Regia di Steve McQueen (I) vedi scheda film
I fantasmi non muoiono mai, per loro stessa definizione. Se a noi europei tocca e toccherà ancora non si sa per quanto confrontarci con gli spettri del novecento, del nazismo, dell’antisemitismo, delle crudeltà assurde al superamento delle quali tentano di fondarsi (ancora e non si sa per quanto, con risultati tutto sommato mediocri) i nostri attuali princìpi e schemi di convivenza (lontanissimi dall’essere perfetti, naturalmente...), oltre oceano, ad Hollywood, ci si prodiga ancora nello spalmarsi balsamici unguenti sulle mostruose ferite ora dello sterminio dei nativi “indiani”, ora dello schiavismo che sarà più tardi, come nel caso di questo Oscar 2014 “12 Years a Slave”.
Giovi però ricordare come la memoria, anch’essa eterea e inconsistente quanto i fantasmi a cui rimanda, può essere esercitata in diverse maniere. E se in ambito europeo la tragedia del novecento è stata resa, limitandoci a tempi ed opere vicini, anche con film come “Train de Vie”, “Adam Resurrected”, o “Inglorious Basterds” (americani questi ultimi due , in omaggio, alla glocalizzazione che prima o poi finirà per miscelare ogni fantasmatica memoria...), dopo aver visto questo film non si può non essere tentati di riandare (ritornare), con struggente nostalgia, incontro al genio di Quentin Tarantino e al suo recente “Django Unchained”: laddove il genio tarantiniano disegna con i colori vivaci e intelligenti del grande artista la tela buia dell’America schiavista, la non-genialità ordinaria e mestierante di un bravo ed onesto non-genio alla Clint Eastwood come McQueen (che pure ha saputo brillare laddove ha voluto astenersi dalle disamine storiografiche come nel caso del recente “Shame”, un po’ come Eastwood è in fondo sopportabile finché non si butta a raccontare Mandela e si limita agli algidi amanti di Madison County) sa usare solo “Il Colore Nero” (per parafrasare quello “Viola” di Spielberg che non per niente data oramai 30 anni fa) per inscenare una storia i cui i 12 anni di durata passano con la stessa indifferenza e superficialità con cui si cancellano in dieci minuti gli indirizzi di posta elettronica temporanei.

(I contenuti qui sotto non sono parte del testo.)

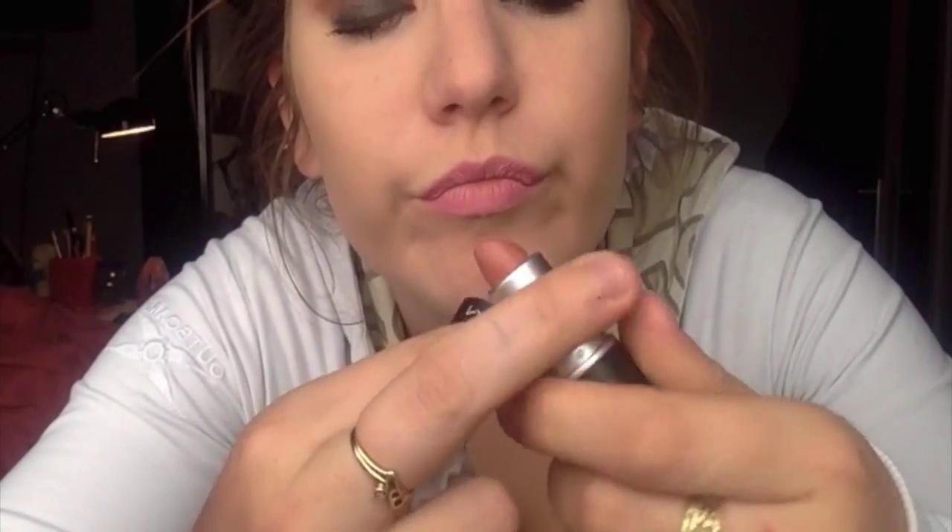Now I'm taking a MAC lipstick but I forgot the name — I'm sorry, I'm not good with names as you can see — and I'm just putting that on my lips. Anyway, that's it and I hope you guys enjoyed it! Let me know if you like it, give it a thumbs up, and I love you tons.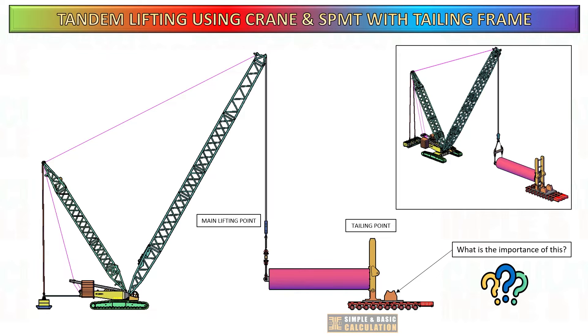The lifting frame designed for tandem lifting using self-propelled modular transporters is a unique engineering concept. Would you like to know the purpose of the second pivot in the lifting frame? Later in this video, you will learn what is the importance of this in the lifting operation.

“10 Minutes a Slave” sarebbero bastati per raccontare la storia in cui il nero Pinocchio, ingannato dal Gatto e la Volpe, (tra)passa dal mondo libero attraverso le piantagioni di canne da zucchero e cotone, tra le fruste e le corde per gli impiccati, tra i bianchi mezzi buoni, quelli tutti cattivi, le bianche signore sui bianchi terrazzi che li osservano tutti quanti (perlopiù silenti, a tratti avvelenate), tra il dolore della sua stessa razza che, intenta a costruire bambole di paglia, non si capacita di essere stata strappata ai figli o di non poter anelare ad un pezzo di sapone, tra caporaletti particolarmente crudeli accessoriati con cappellino all’Arancia Meccanica o i salvatori barbuti alla Lincoln (Brad Pitt, per quel che mi riguarda, è il benvenuto sempre e comunque!), per ritornare, allagato da un fiume di lacrime sufficiente a bollire il più grasso dei tacchini del Tanksgiving, alla sua legittima, già libera famiglia, direttamente dotato di nuovi nipotini ed extra-nuore a titolo compensativo e risarcitorio di un oscuro senso di colpa, quest’ultimo tutto, indiscutibilmente bianco.

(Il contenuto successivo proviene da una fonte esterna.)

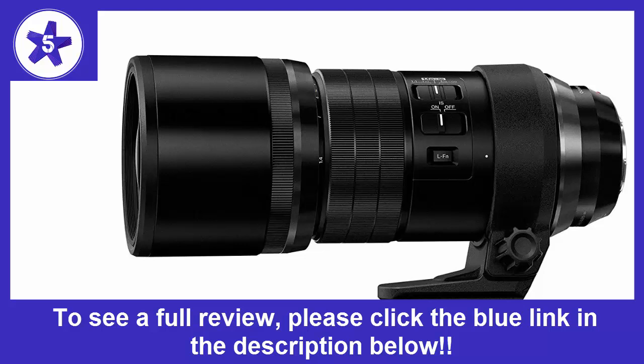Obviously a higher shutter speed would be preferred, but it's a huge plus that you can shoot at these speeds and have the images be sharp. As a final observation, while I have the 1.4 TC, I've found the images are better if I skip the TC and just crop. With the TC the images are still good, but some of the detail gets lost.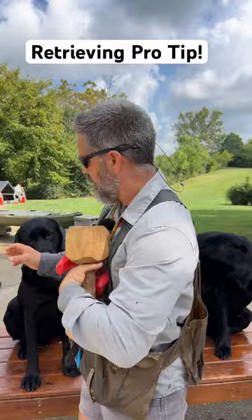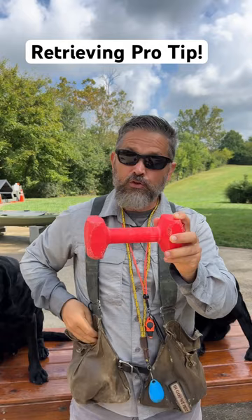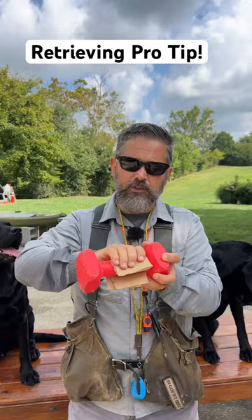But an often overlooked problem is related to equipment. These little dumbbells — the plastic ones and the wooden ones — if you train a lot of dogs especially, they get little burrs on them. So here's a pro tip: always carry around some 120 grit sandpaper, and in between your sessions, sand all the little burrs off of your retrieving items. That way it's nice and smooth, and it doesn't irritate the dog's tongue when it's sitting in their mouth.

Fatte salve le buone prestazioni attoriali e qualche scena indiscutibilmente toccante (una per tutte: quella in cui Solomon-Platt/Chiwetel Ejiofor riesce finalmente ad unirsi al canto degli altri schiavi, un Fassbender superlativo in ogni primo piano), un film tutto sommato deludente, confusionario e confondente nella costruzione temporale, scontato e già visto in molte altre occasioni.